(Caption-style text data)
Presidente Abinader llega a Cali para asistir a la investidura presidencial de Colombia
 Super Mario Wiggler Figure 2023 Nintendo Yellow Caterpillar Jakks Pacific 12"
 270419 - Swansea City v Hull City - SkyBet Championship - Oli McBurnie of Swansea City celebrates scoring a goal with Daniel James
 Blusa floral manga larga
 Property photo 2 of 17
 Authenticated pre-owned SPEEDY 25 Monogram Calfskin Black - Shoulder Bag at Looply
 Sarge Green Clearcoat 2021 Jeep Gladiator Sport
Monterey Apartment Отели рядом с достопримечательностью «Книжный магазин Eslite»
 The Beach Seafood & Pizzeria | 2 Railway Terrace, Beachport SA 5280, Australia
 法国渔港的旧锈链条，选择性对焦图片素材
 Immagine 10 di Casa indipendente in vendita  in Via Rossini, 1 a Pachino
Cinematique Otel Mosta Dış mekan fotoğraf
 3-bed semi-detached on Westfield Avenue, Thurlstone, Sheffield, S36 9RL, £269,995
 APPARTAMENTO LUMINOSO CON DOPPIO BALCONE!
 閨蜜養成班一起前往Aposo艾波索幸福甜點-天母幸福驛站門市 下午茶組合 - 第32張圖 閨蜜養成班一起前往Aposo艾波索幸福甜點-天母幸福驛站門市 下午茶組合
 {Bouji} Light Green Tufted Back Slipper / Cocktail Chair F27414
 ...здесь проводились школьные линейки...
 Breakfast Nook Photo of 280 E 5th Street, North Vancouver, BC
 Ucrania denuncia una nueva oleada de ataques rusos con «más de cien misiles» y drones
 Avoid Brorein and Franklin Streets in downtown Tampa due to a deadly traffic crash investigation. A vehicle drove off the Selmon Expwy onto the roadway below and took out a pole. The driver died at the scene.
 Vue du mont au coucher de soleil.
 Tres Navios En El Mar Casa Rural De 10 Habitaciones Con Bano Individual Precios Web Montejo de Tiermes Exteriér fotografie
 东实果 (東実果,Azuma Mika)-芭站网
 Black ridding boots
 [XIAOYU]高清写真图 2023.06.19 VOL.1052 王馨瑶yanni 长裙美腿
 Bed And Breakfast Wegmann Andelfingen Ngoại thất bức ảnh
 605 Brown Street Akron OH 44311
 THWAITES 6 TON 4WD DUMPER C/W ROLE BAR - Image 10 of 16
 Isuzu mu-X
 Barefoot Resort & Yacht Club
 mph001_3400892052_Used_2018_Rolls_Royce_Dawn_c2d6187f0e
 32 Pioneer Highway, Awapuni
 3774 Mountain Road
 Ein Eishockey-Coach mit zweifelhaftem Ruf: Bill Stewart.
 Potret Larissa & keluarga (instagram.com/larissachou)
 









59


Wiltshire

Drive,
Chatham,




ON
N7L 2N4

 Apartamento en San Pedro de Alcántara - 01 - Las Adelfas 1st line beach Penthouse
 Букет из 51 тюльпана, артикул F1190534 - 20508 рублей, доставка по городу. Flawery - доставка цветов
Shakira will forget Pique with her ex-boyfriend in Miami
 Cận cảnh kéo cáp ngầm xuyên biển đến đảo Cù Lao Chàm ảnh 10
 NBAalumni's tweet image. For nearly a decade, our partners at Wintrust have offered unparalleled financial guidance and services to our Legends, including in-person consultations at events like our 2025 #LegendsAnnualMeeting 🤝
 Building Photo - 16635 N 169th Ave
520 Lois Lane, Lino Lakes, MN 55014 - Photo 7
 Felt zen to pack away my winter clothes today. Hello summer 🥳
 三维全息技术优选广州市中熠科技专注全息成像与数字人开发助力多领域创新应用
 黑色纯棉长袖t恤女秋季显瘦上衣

■ **AIM OF THE TASK**: Pick out every line above that holds the word "Black" and copy it.

■ **COMPLETED EXERCISE**:
 Authenticated pre-owned SPEEDY 25 Monogram Calfskin Black - Shoulder Bag at Looply
 Black ridding boots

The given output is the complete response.